The Federal Rules of Evidence understandably discourage courts from admitting evidence that a defendant has engaged in other crimes that have not been charged against the defendant. As noted above, Rule 403 bars the admission of evidence that creates a danger of unfair prejudice that substantially outweighs the probative value of the evidence. And Rule 404(b) further provides that “[e]vidence of any other crime, wrong, or act is not admissible to prove a person's character in order to show that on a particular occasion the person acted in accordance with the character.” Fed.R.Evid. 404(b)(1).
“Character evidence is sometimes referred to as ‘propensity evidence,' signaling the potential for a juror to draw a shorthand connection between the presumed character trait of an individual and the assumption that person will therefore ‘act a certain way' as the basis of a prosecution.” Anna Offit, The Character of Jury Exclusion, 106 Minn. L. Rev. 2173, 2176 (2022). So, for example, if a defendant is charged with robbing a bank, the prosecution is not ordinarily free to introduce evidence that the defendant had robbed three banks before-for fear that the jury will assume that the defendant is guilty simply because of his character or propensity to rob banks.

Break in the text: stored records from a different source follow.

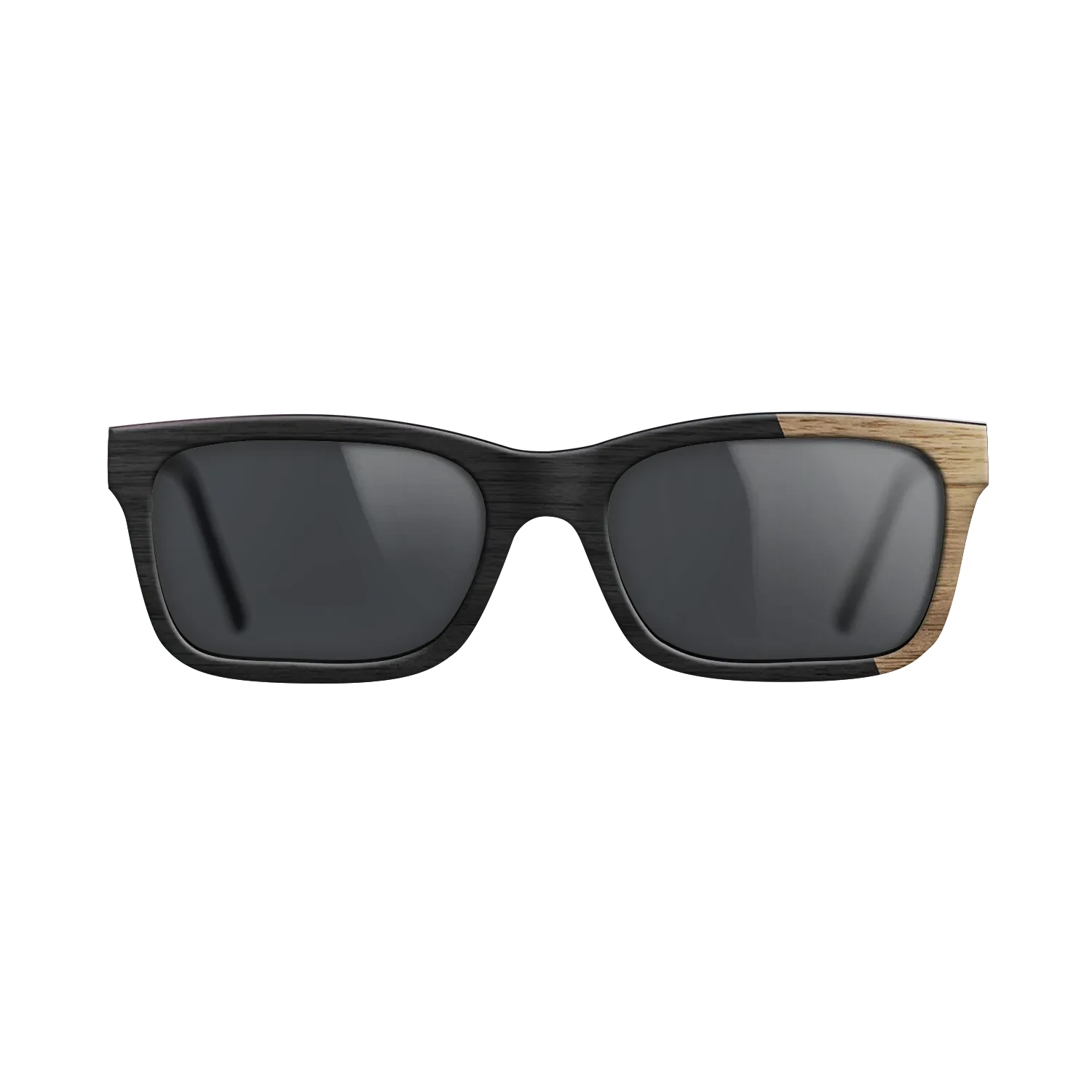 Sumi-e black dyed Straght Grain Walnut: Sumi-e - The Sage - Rectangle - 1932 - SIRIS wood optic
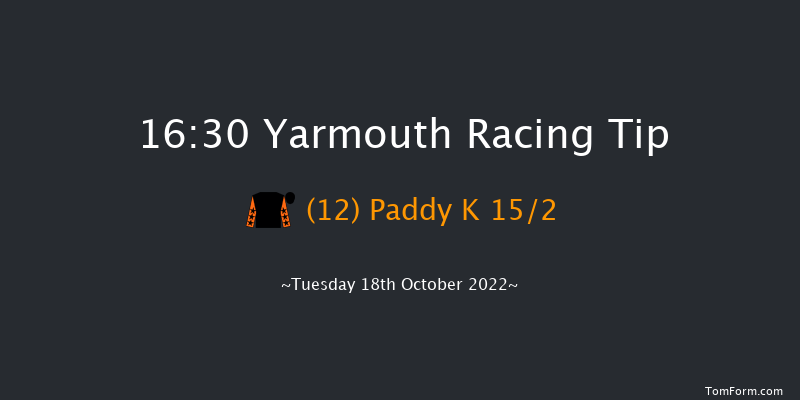 Yarmouth 16:30 Handicap (Class 6) 6f Mon 10th Oct 2022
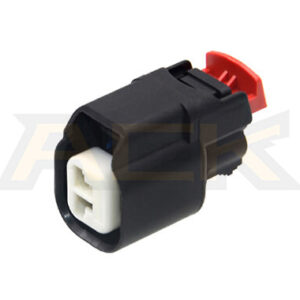 Molex MX150 Conjunto de conector hembra impermeable de 2 orificios 340620027 34062 0027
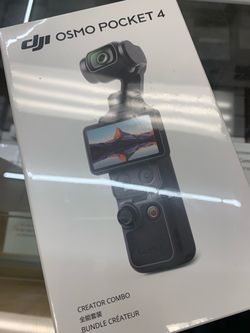 DJI Pocket 4 Creator Combo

But Rule 404(b) has exceptions. It says that evidence of other crimes, wrongs, or acts “may be admissible for another purpose, such as proving motive, opportunity, intent, preparation, plan, knowledge, identity, absence of mistake, or lack of accident.” Fed. R. Evid. 404(b)(2). So, for the bank robbery example, the prosecution might be allowed to introduce evidence of other uncharged bank robberies if these uncharged robberies shed light on the identity or modus operandi of the defendant as the one who engaged in the charged bank robbery. See, e.g., United States v. Carlton, 534 F.3d 97, 101-02 (2d Cir. 2008).
More generally, the Second Circuit follows what it calls an “inclusionary approach” to allow the admission of “all ‘other act' evidence that does not serve the sole purpose of showing the defendant's bad character and that is neither overly prejudicial under Rule 403 nor irrelevant under Rule 402.” United States v. Graham, 51 F.4th 67, 82 (2d Cir. 2022) (emphasis added). The inclusionary approach is plenty controversial because it is needlessly overbroad. But it's still the long and unquestioned boilerplate law of the Second Circuit. See, e.g., United States v. Benedetto, 571 F.2d 1246, 1248 (2d Cir. 1978) (“We have long been committed to the ‘inclusionary' approach to ‘other crimes' evidence, that is, that evidence of similar criminal acts is admissible if it ‘is substantially relevant for some other purpose than to show a probability that (the defendant) committed the crime on trial because he is a man of criminal character.'”) (quoting McCormick, Evidence § 190, at 447 (2d ed. 1972)).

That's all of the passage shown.